A ROCK AND A HARD PLACE
British Conservative MEP Charles Tannock said that May is struggling to put together a majority in the Commons to support her deal, having generated opposition within her own Conservative party from both hard-line Brexiteers from the ERG group as well as the pro-EU Remain conservative MPs for very different reasons.
“On the pro-European side of the Commons, their main objection is that this is still a hard Brexit after paying upfront a £39bn financial settlement to the EU, with no guarantees of long-term frictionless trade, or for that matter any guarantees in areas ranging from security, cooperation, to environmental protection, and that the government could have been more flexible, but instead has insisted on rigid red lines which in the long term mean the UK out of the single market, customs union, ECJ jurisdiction, or significantly contributing to the EU budget meaning a divergence away from a close relationship with the European Union," Tannock said.
“The ERG and its close allies like former Foreign Secretary Boris Johnson claim the agreement will lock the UK into a 'vassal state' status of being a rule-taker but not a rule-shaper for years ahead as it is clear that when the transition ends in 2020 or possibly as late as 2022, unless a technological solution is found to the Irish border question this will require the UK in a customs union with the EU preventing an independent trade policy with the UK having its own free trade agreements with third countries.”
Tannock, a staunch Remainer, added, “The best that can be said about Mrs May's deal is that following the rejection of her Chequers plan this is the least worst option which ticks all her rigid red-line boxes. Everyone now is focussed on the 11th of December and the entire government machinery is aiming to persuade MPs, including the DUP, who have objected to the backstop for Northern Ireland, to rally behind the government on the basis that if it is defeated there could be a no-deal Brexit."
“The best that can be said about Mrs May's deal is that following the rejection of her Chequers plan this is the least worst option which ticks all her rigid red-line boxes" Charles Tannock MEP
"I personally am hoping for a People's Vote Referendum to give an informed final-say consent with a Reform and Remain outcome, as clearly our current arrangements as a full [EU] member is the best relationship on offer,” he added.
Also commenting on the deal, former Labour MP Roger Casale, founder of citizens’ campaign group New Europeans, said, "The Brexit deal does not fully guarantee the current rights and status of the 5 million EU citizens in the UK and Britons in Europe and this is causing further distress and anxiety. That is why the EU should confirm that it will ring fence the rights and status of the 5 million if the deal falls apart through the introduction of an EU Green card scheme as proposed by New Europeans.
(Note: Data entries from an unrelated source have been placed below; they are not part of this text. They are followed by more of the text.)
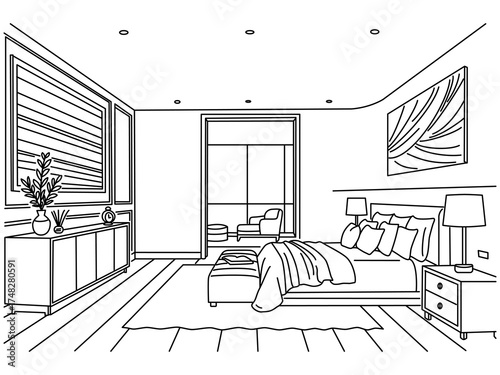 Drawing exterior and bedroom interior architectural lines, Hand drawn line of graphic assembly in architecture and interior design work, Vector illustration, interior of a room, bedroom in a modern 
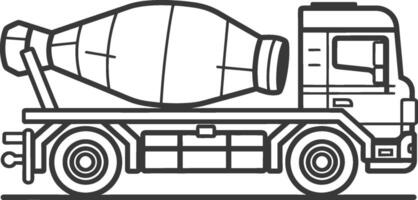 Concrete mixer coloring pages vector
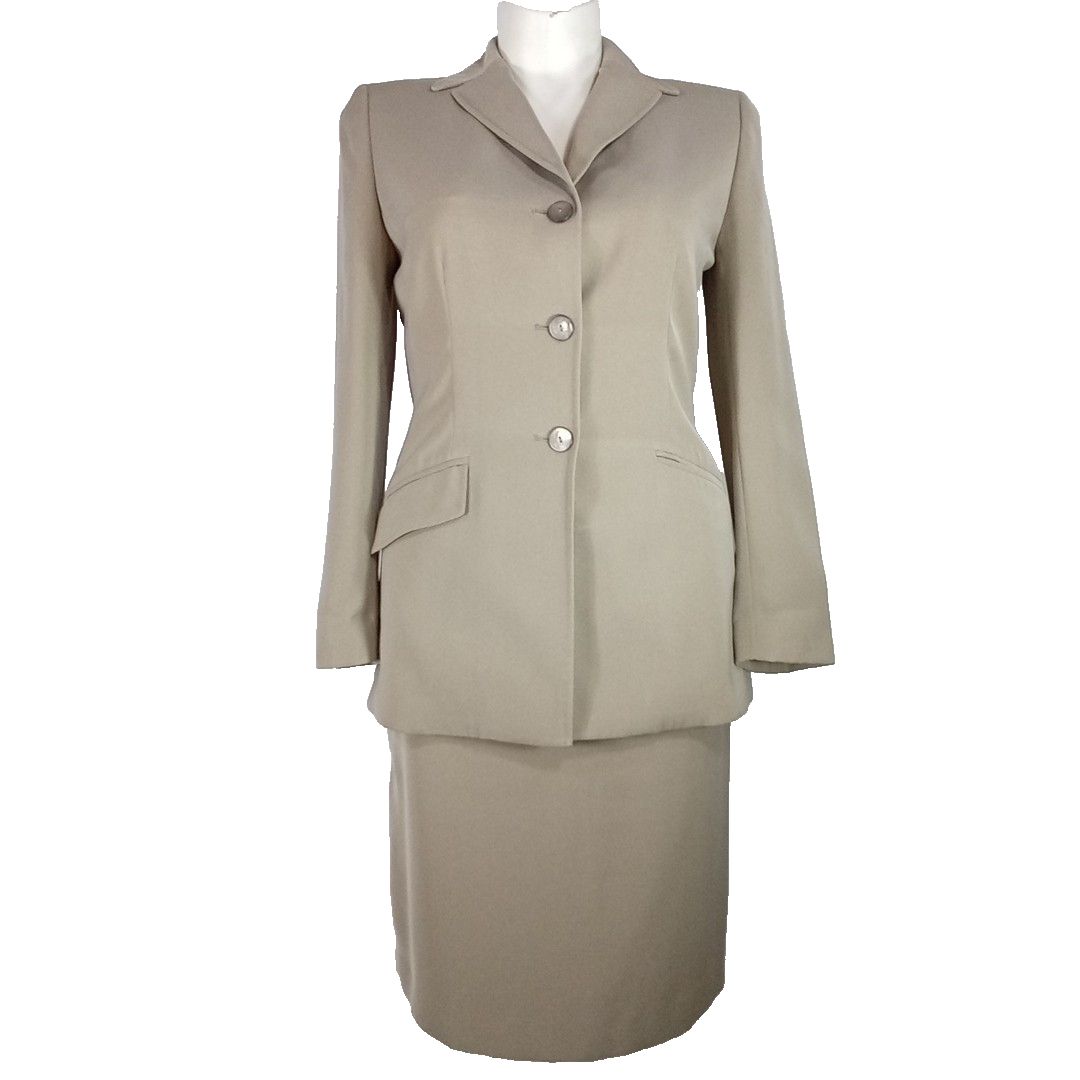 Le Suit 2 Piece 10 Taupe Tan Straight Skirt 3 Button Long Sl Jacket Lined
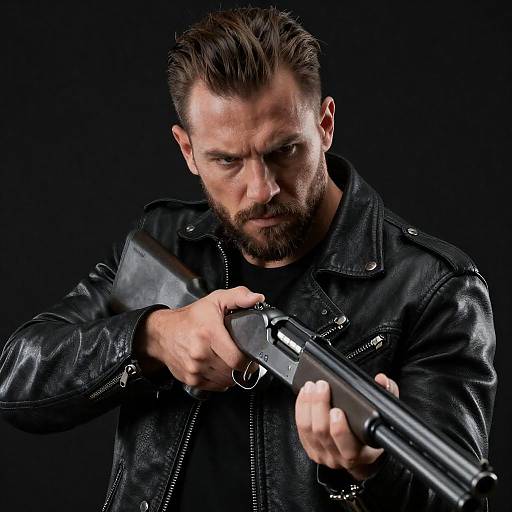 Man Aiming Shotgun in Leather Jacket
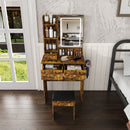 Modern Small Vanity Desk With 3 LED Lighting Modes, 3 Drawers by HouseOfZazla
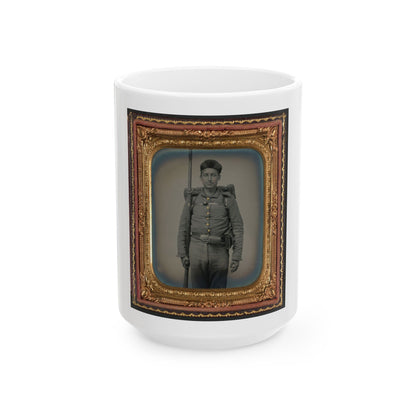 Unidentified Soldier In Ohio Volunteer Militia Uniform With Bedroll And Musket (U.S. Civil War) White Coffee Mug
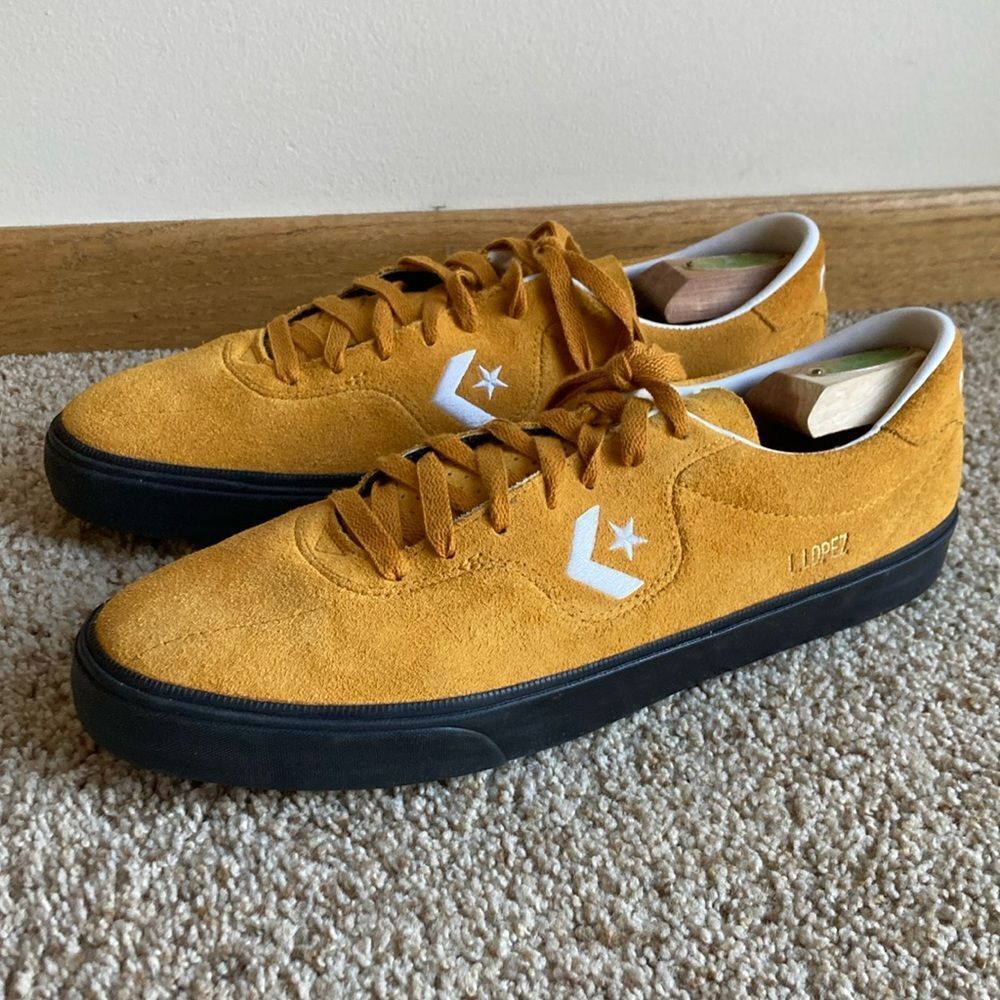 Converse CONS Mustard Louie Lopez Pro Mono Classic Suede Saffron Yellow Men’s 12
The best protection of all would be to stop Brexit."
Meanwhile, Labour Shadow Chancellor John McDonnell, commenting on the UK in a Changing Europe report “The economic consequences of the Brexit deal”, said: “This analysis confirms what everyone knows: that this deal will be bad for growth, incomes and the public finances."
"If the Prime Minister is unwilling or unable to deliver a Brexit deal that works for the whole country, she should stand aside, call a General Election and let Labour deliver a deal that protects jobs and delivers for the whole country.”
Press reports are now circulating that several UK Cabinet ministers are considering a softer approach to Brexit in the event that May’s deal does not pass through Parliament. According to the reports, four Cabinet ministers recently had meetings to discuss the possibility of giving their support to a ‘Norway Plus’ deal, where the UK would be kept in the single market and a customs union with the EU.